SMART NEtworks and ServiceS for 2030 (SMARTNESS)

The SMARTNESS Engineering Research Center aims to advance cutting-edge research in computer networks and digital application services focused on strategic areas where scientific and technological impacts can be achieved towards the year 2030, in collaboration with communities of cloud search and networks. With the deployment of 5G and the 6G vision being developed, the main challenges for SMARTNESS are how to design and operate cloud computing infrastructures and networks with adequate capabilities to leverage the next generation of Internet services and applications.
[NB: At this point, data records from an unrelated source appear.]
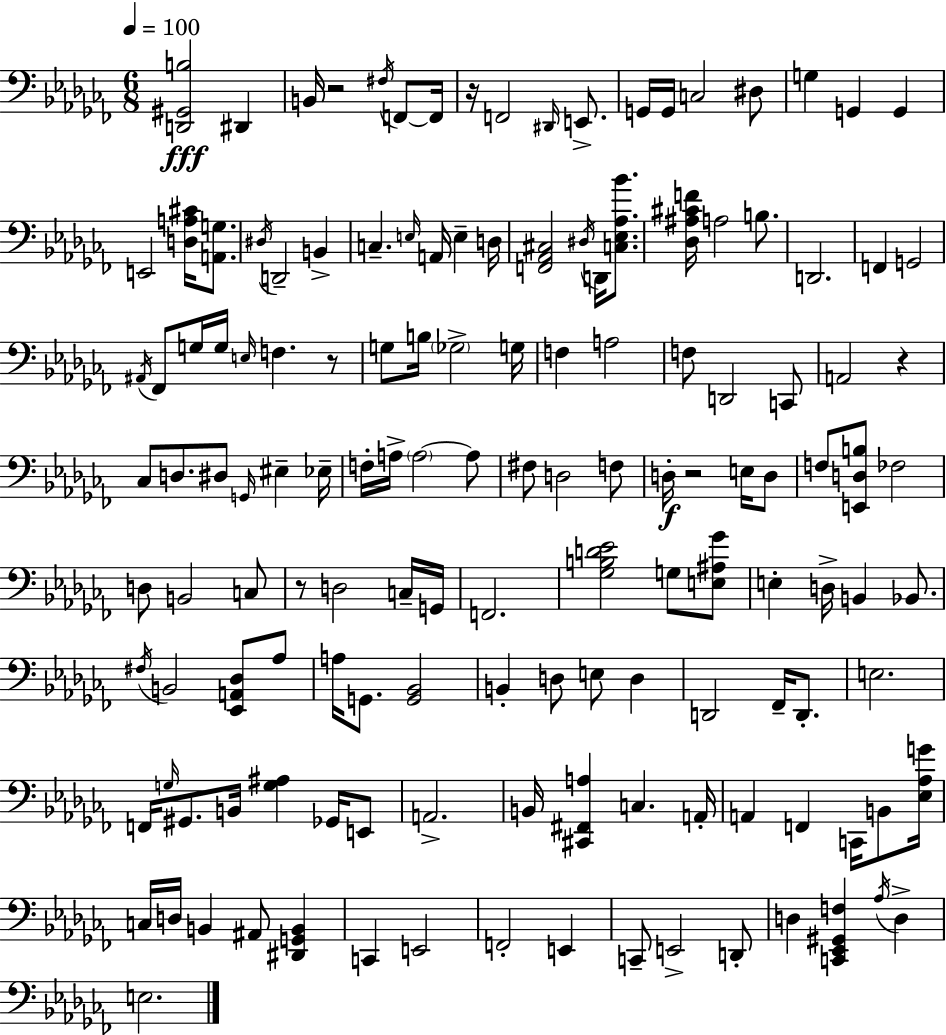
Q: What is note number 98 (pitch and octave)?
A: B2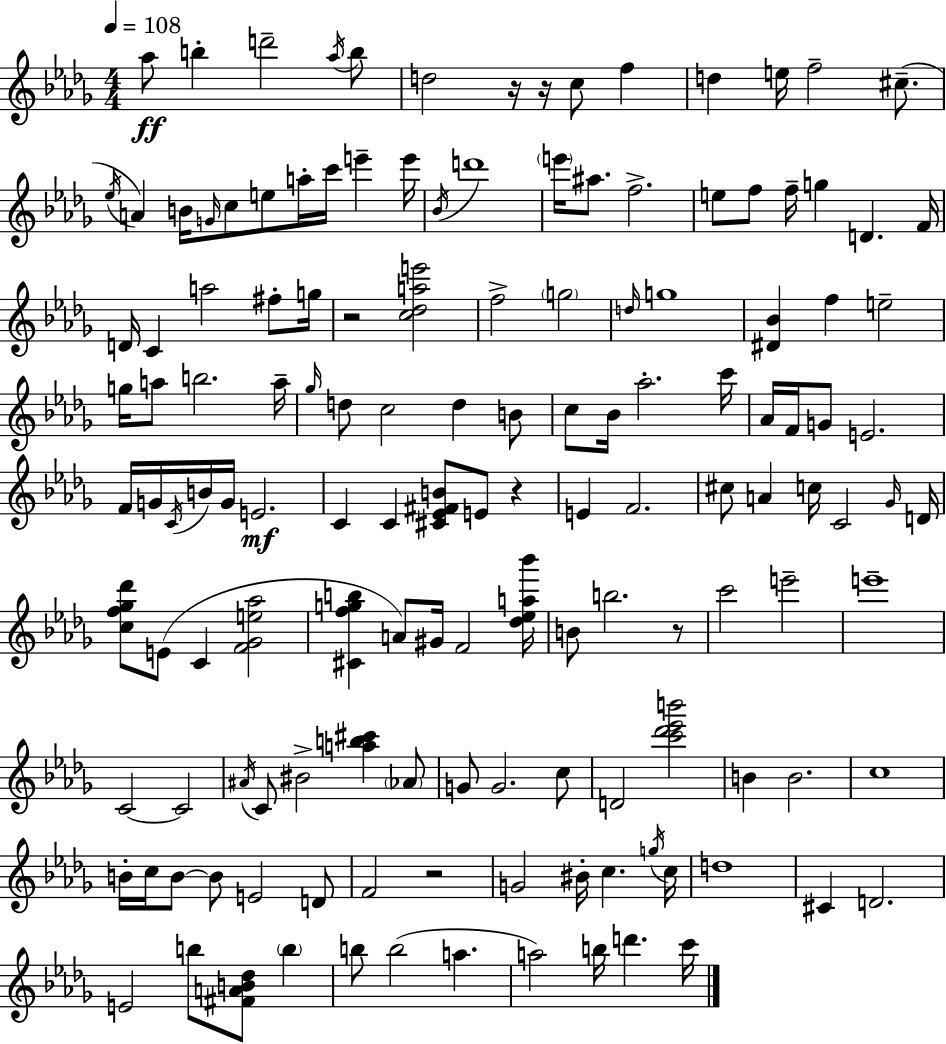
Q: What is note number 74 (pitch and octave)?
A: A4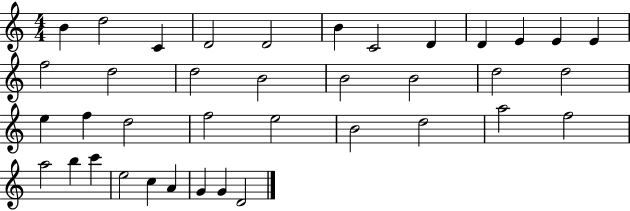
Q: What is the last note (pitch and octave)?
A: D4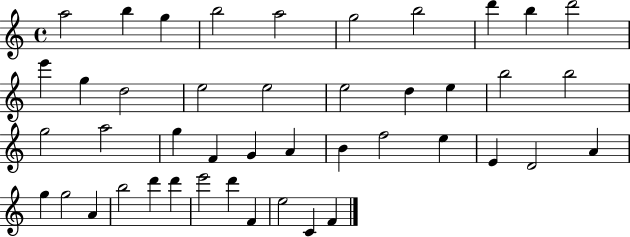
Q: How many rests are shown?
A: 0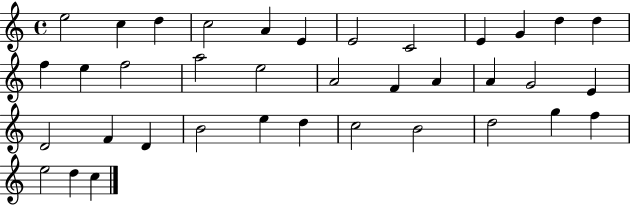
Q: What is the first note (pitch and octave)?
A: E5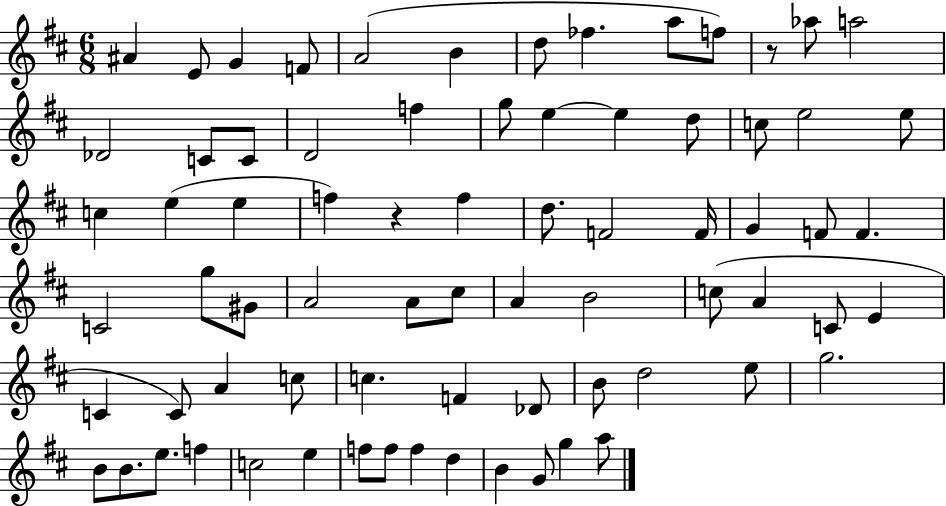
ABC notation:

X:1
T:Untitled
M:6/8
L:1/4
K:D
^A E/2 G F/2 A2 B d/2 _f a/2 f/2 z/2 _a/2 a2 _D2 C/2 C/2 D2 f g/2 e e d/2 c/2 e2 e/2 c e e f z f d/2 F2 F/4 G F/2 F C2 g/2 ^G/2 A2 A/2 ^c/2 A B2 c/2 A C/2 E C C/2 A c/2 c F _D/2 B/2 d2 e/2 g2 B/2 B/2 e/2 f c2 e f/2 f/2 f d B G/2 g a/2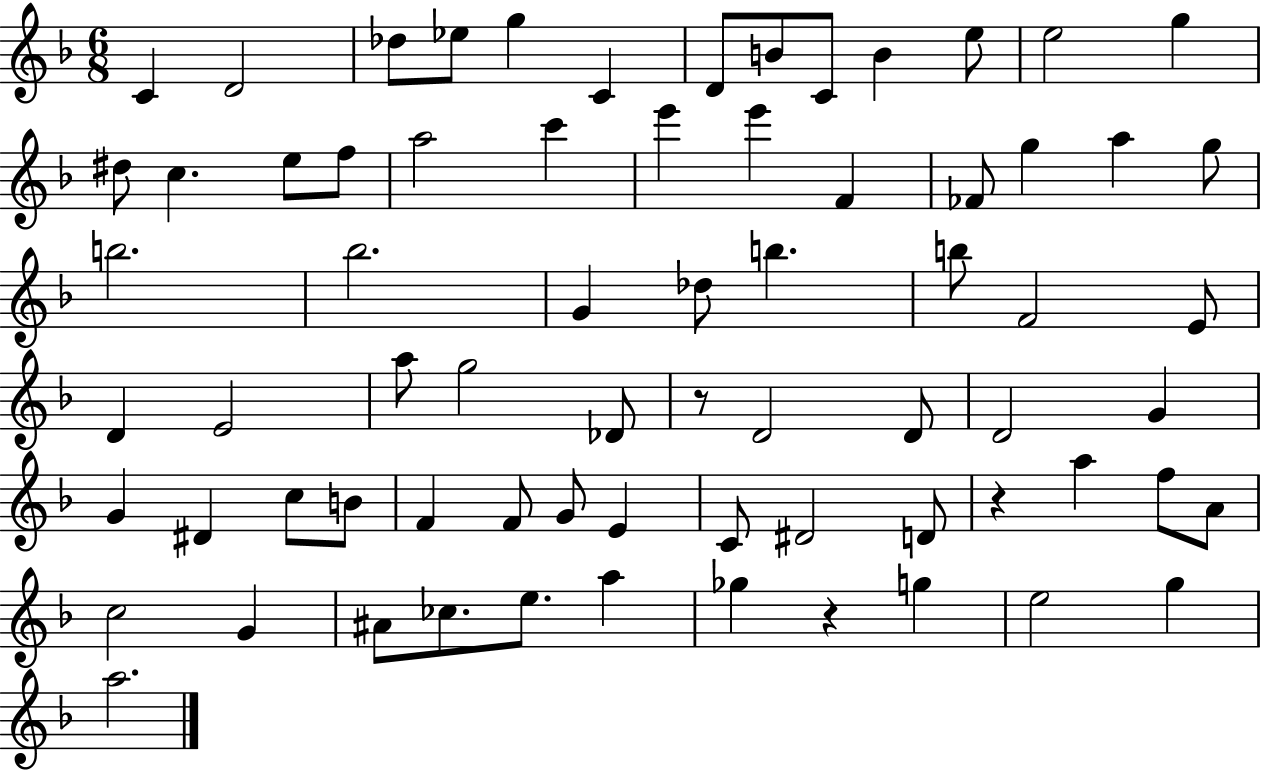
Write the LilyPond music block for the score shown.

{
  \clef treble
  \numericTimeSignature
  \time 6/8
  \key f \major
  c'4 d'2 | des''8 ees''8 g''4 c'4 | d'8 b'8 c'8 b'4 e''8 | e''2 g''4 | \break dis''8 c''4. e''8 f''8 | a''2 c'''4 | e'''4 e'''4 f'4 | fes'8 g''4 a''4 g''8 | \break b''2. | bes''2. | g'4 des''8 b''4. | b''8 f'2 e'8 | \break d'4 e'2 | a''8 g''2 des'8 | r8 d'2 d'8 | d'2 g'4 | \break g'4 dis'4 c''8 b'8 | f'4 f'8 g'8 e'4 | c'8 dis'2 d'8 | r4 a''4 f''8 a'8 | \break c''2 g'4 | ais'8 ces''8. e''8. a''4 | ges''4 r4 g''4 | e''2 g''4 | \break a''2. | \bar "|."
}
The scope of end-to-end services at the Internet scale is exceptionally broad and requires contributions across multiple disciplines along with large investments in capital and human resources.

SMARTNESS aims to explore well-planned opportunities through an appropriate methodology based on the confluence of Research Strands (RS) designed to successfully impact world-class research and innovation to address challenging use cases. in Internet scenarios for industry and society with a vision horizon for the year 2030.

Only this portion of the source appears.